El presidente Arce pronunció su discurso de despedida en un contexto de evidente aislamiento político, tras haber sido expulsado de su propio partido y rodeado únicamente por su círculo más cercano de leales. El acto tuvo lugar en la Casa Grande del Pueblo, hoy convertida en símbolo del derroche, la opulencia, y la arquitectura del exceso: una suerte de mausoleo-motel del poder que alguna vez creyó ser eterno.

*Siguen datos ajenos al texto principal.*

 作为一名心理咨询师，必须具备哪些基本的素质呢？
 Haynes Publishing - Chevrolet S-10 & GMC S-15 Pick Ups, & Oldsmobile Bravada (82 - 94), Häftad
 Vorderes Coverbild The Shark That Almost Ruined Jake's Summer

El mensaje presidencial, carente de autocrítica y de sustancia política, fue una elegante pieza de arqueología ideológica. Un discurso con olor a naftalina, que desempolvó viejos esquemas doctrinarios, interpretando la realidad nacional con la destreza del ilusionista que logra presentarse como víctima de todos, menos de sí mismo. En su relato, los culpables fueron Evo Morales, la derecha, el mundo, los astros y, por supuesto, los opinadores del pantano neoliberal.
Resulta particularmente significativo que este discurso no se haya pronunciado ante la Asamblea Legislativa, espacio natural de rendición democrática, sino en el refugio cálido de las pocas murallas de poder en derrumbe.

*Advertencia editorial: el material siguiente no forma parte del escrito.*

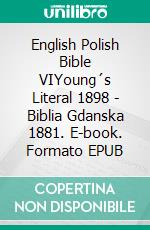 English Polish Bible VIYoung´s Literal 1898 - Biblia Gdanska 1881. E-book. Formato EPUB ebook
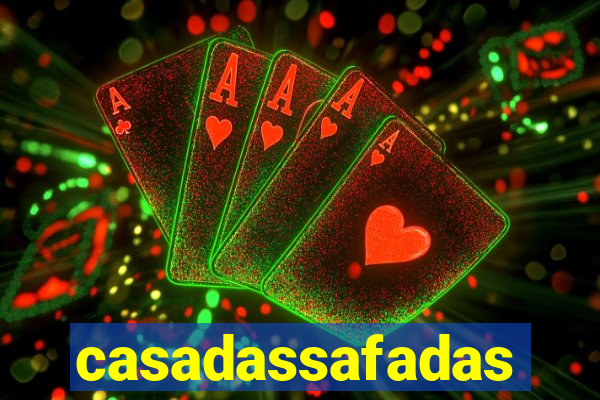 casadassafadas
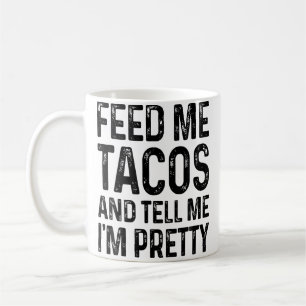 Caneca De Café Alimente-me com Tacos e Diga que Sou Engraçado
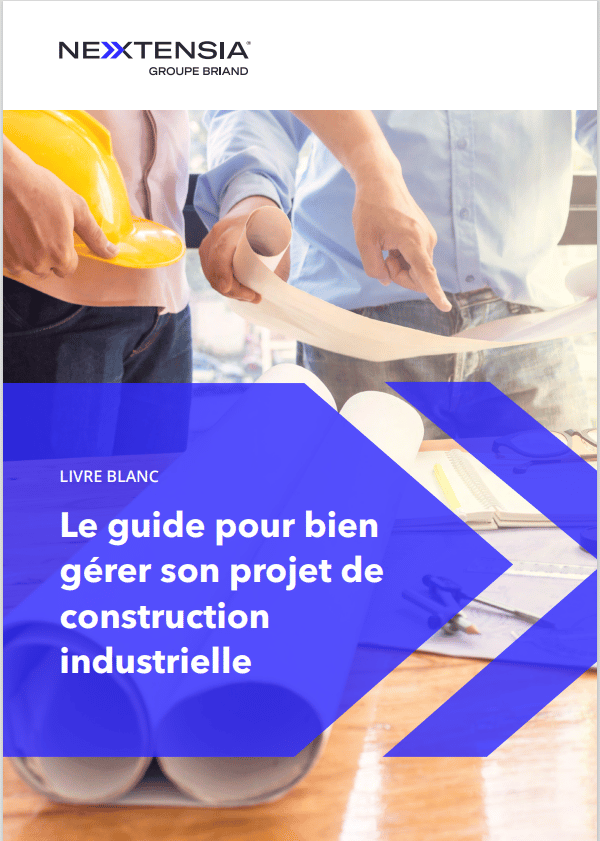 Guide de la construction industrielle NEXTENSIA - NEXTENSIA Guide de la construction industrielle NEXTENSIA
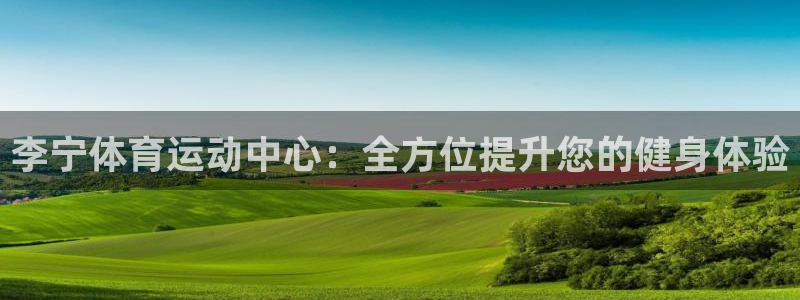 米兰体育下载官网最新版：李宁体育运动中心：全方位提升您的健身体验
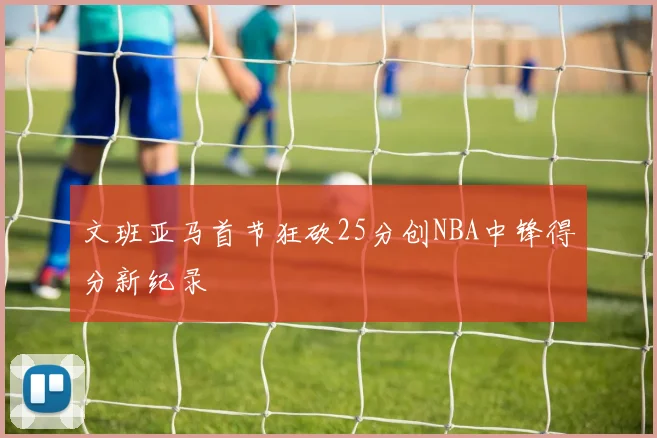 文班亚马首节狂砍25分创NBA中锋得分新纪录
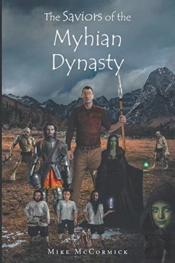 The Saviors Of The Myhian Dynasty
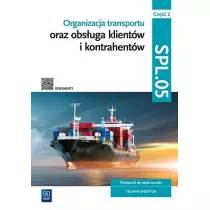 Organizacja transportu oraz obs�uga klient�w i kontrahent�w. SPL.05. Podr�cznik do nauki zawodu. Cz�� 2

Por su contenido y su forma, este discurso constituye no solo el epílogo de un ciclo político agotado, sino también una obra maestra del autoengaño político, digna de ser conservada en el museo del cinismo o, al menos, en el basurero ilustrado de la historia nacional.
Lo mejor del discurso es, sin duda, que fue el último. Ojalá que nunca más tengamos que someternos a semejante sinfonía de frases huecas, letanías ideológicas y ese victimismo tan persistente que ya debería pagar impuestos. Porque si algo merece descanso eterno, además del modelo económico, son estas peroratas que confunden rendición de cuentas con sesión de autoayuda política.